# Data shown:
------------------------------------------------------------
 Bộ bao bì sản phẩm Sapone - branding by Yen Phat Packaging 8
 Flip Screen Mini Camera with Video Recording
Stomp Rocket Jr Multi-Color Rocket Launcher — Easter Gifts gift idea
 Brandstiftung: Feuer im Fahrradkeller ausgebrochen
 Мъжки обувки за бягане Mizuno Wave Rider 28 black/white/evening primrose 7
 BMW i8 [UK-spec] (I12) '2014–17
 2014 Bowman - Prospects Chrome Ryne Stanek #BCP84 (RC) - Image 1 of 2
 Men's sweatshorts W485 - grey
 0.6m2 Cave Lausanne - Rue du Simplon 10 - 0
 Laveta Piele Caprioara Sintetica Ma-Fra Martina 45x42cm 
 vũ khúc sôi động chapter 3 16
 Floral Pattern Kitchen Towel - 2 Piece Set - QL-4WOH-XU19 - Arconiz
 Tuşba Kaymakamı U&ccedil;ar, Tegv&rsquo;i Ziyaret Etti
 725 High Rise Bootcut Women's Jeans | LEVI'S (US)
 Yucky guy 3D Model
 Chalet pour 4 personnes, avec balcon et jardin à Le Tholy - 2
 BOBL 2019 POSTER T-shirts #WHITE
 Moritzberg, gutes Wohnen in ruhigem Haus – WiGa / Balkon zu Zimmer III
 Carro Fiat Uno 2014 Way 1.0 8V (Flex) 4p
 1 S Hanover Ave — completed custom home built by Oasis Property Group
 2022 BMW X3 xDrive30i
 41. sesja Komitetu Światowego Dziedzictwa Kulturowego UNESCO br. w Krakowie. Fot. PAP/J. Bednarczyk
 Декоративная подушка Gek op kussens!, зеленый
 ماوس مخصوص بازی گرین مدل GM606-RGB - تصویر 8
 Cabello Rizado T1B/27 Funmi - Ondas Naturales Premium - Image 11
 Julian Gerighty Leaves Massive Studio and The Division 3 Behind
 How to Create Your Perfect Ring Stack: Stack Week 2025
------------------------------------------------------------
# What this task involves:
Scan the entries above for the string "Image" and copy each line containing it.

# Exercise answer:
 2014 Bowman - Prospects Chrome Ryne Stanek #BCP84 (RC) - Image 1 of 2
 Cabello Rizado T1B/27 Funmi - Ondas Naturales Premium - Image 11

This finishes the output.